Start of DATA FOR ANALYSIS

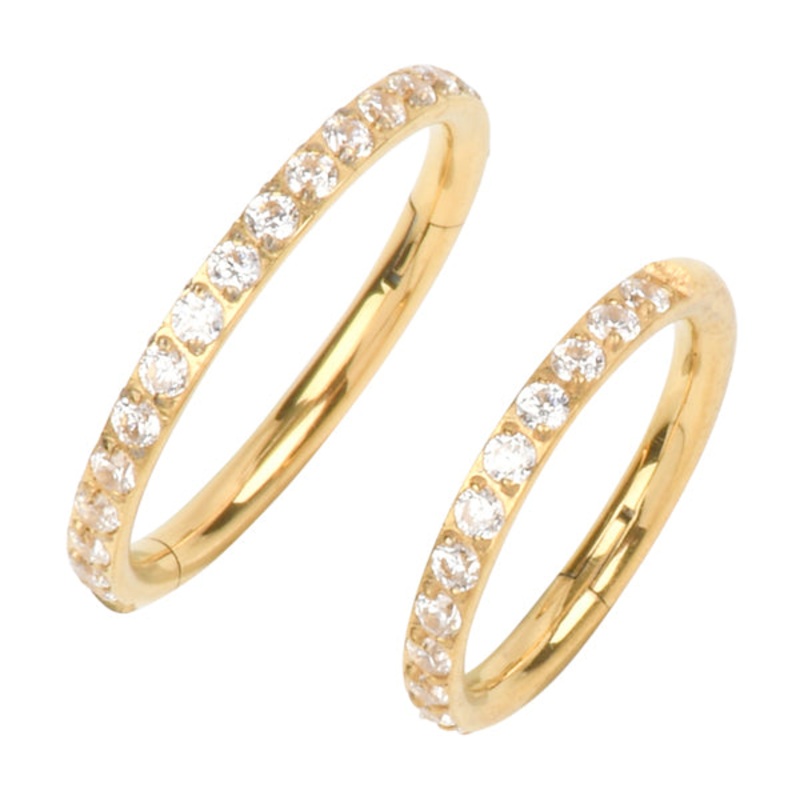 16g Side CZ Gold Titanium Hinged Ring 16g – 5/16″ diameter (8mm) Clear Gold Titanium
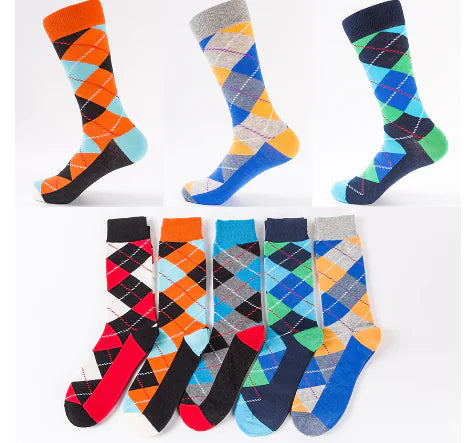 Plaid Jacquard Tube Socks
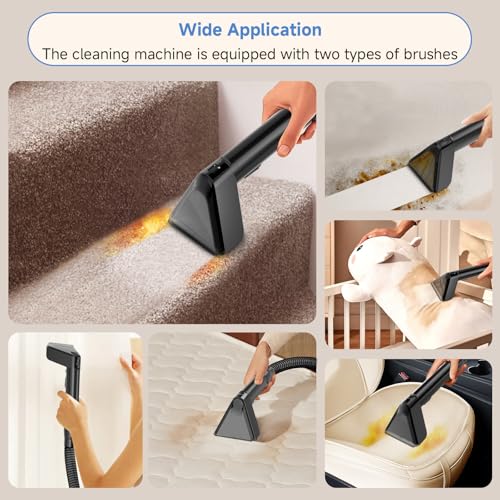 Image of Portable Carpet & Upholstery Cleaner Machine, Handheld Spot Cleaner with Dual Brush, 18KPa Suction, Large Removable Tank for Couch, Car, Stairs, Rugs & Pet Stains, Blue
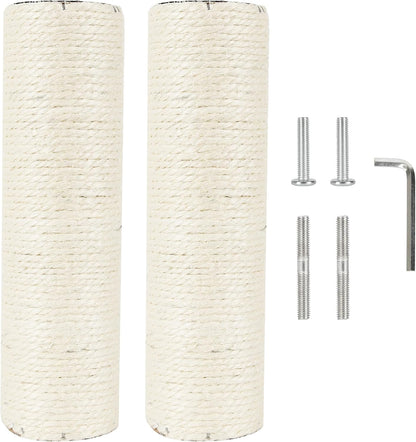 2.9In 7.4Cm Diameter Cat Scratching Post Replacement Sisal Pole Parts for Cat Tower (M10, 30Cm/11.8In)8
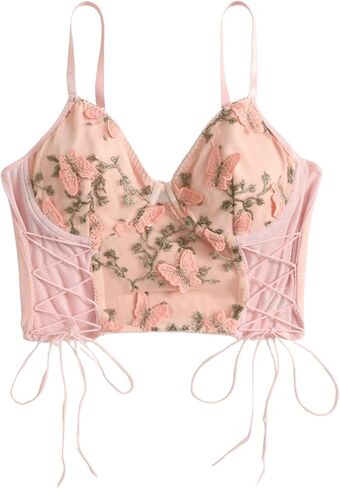 SweatyRocks المرأة التطريز الدانتيل يصل المحاصيل كامي الأعلى السباغيتي حزام المجهزة بروتيل المحاصيل القمم in Kuwait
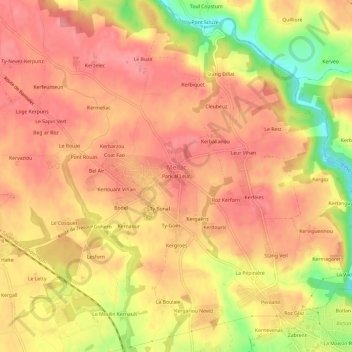 Mappa topografica Park al Leur, altitudine, rilievo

End of DATA FOR ANALYSIS

EXERCISE GOAL :: Skip all pictures. Copy exactly the lines from the one containing "2.9In 7.4Cm Diameter" through the end of the records, both ends included.

SOLUTION TO THIS EXERCISE ::
 2.9In 7.4Cm Diameter Cat Scratching Post Replacement Sisal Pole Parts for Cat Tower (M10, 30Cm/11.8In)8
 SweatyRocks المرأة التطريز الدانتيل يصل المحاصيل كامي الأعلى السباغيتي حزام المجهزة بروتيل المحاصيل القمم in Kuwait
 Mappa topografica Park al Leur, altitudine, rilievo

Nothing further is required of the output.